**Task statement:** Please copy, word for word, the line holding "A Panoramic Photo" and each line that follows it through the end of the entries, omitting any pictures.

Caption-style text data:
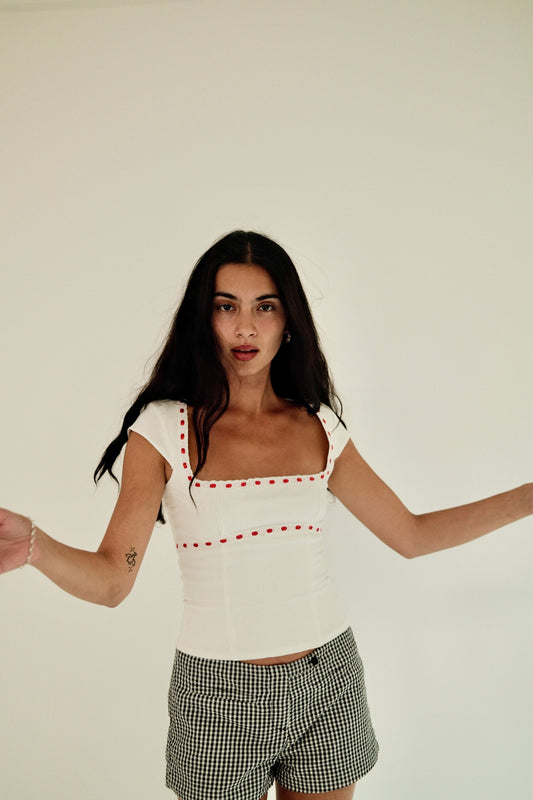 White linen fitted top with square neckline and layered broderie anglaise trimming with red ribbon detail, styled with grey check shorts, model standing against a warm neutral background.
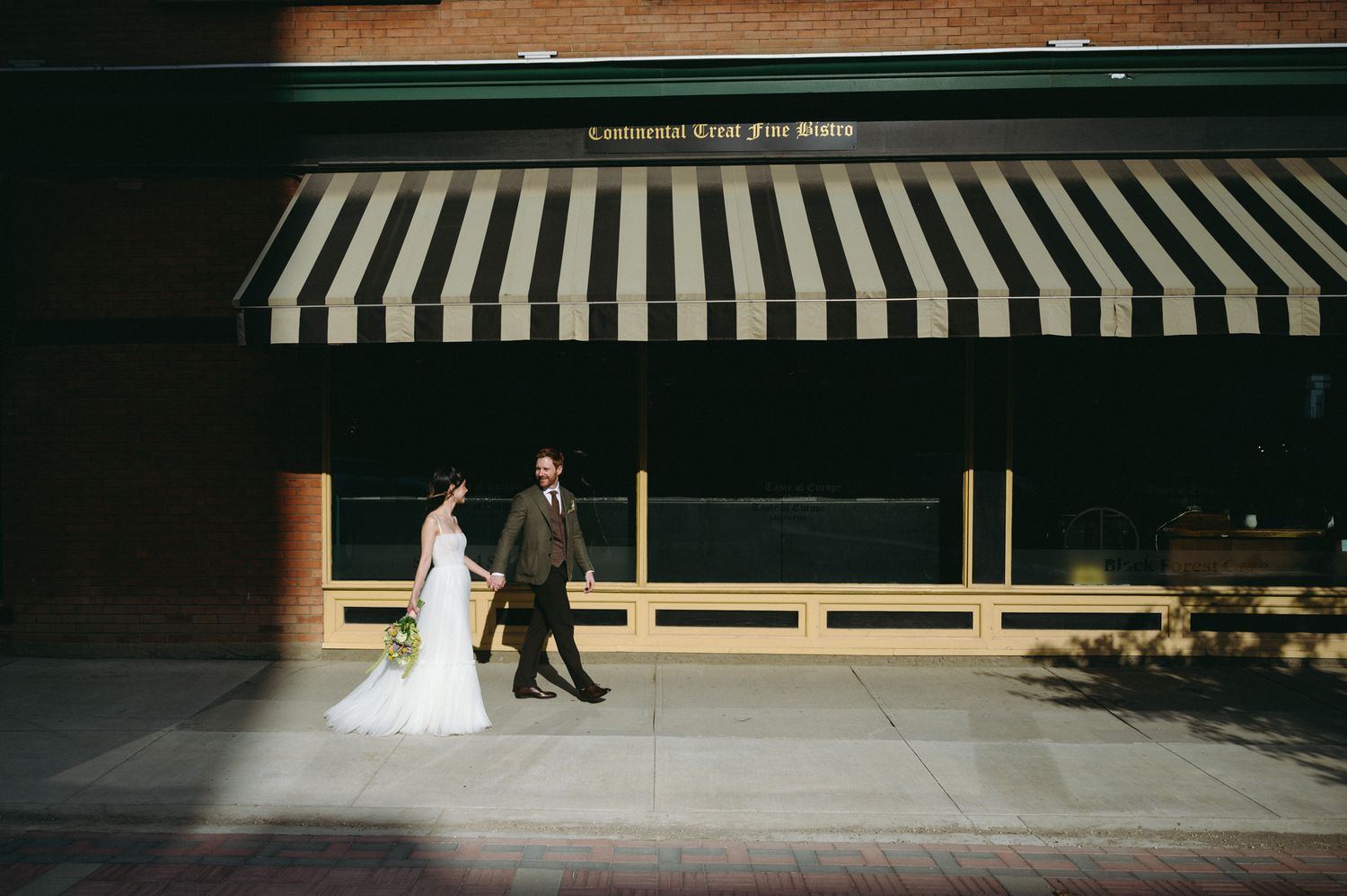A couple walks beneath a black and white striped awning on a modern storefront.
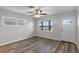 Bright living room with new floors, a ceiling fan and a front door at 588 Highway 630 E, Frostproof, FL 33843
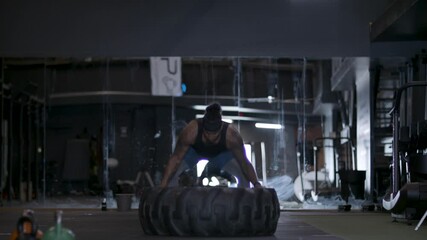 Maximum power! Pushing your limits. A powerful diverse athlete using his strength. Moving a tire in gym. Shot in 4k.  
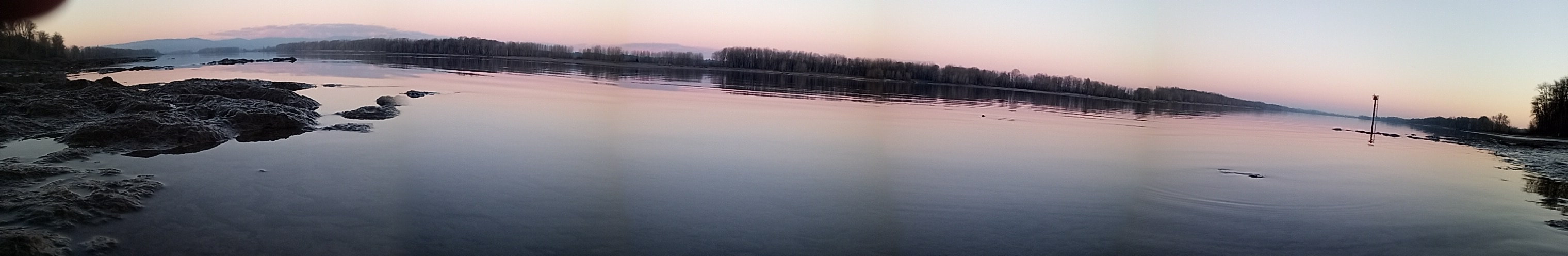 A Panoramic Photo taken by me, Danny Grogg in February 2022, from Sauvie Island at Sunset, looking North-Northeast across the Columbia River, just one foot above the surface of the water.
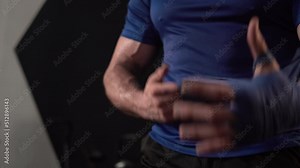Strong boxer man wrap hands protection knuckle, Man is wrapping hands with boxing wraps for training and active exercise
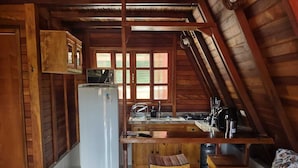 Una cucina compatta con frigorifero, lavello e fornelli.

**Answer to this exercise:**
 A Panoramic Photo taken by me, Danny Grogg in February 2022, from Sauvie Island at Sunset, looking North-Northeast across the Columbia River, just one foot above the surface of the water.
Strong boxer man wrap hands protection knuckle, Man is wrapping hands with boxing wraps for training and active exercise
 Una cucina compatta con frigorifero, lavello e fornelli.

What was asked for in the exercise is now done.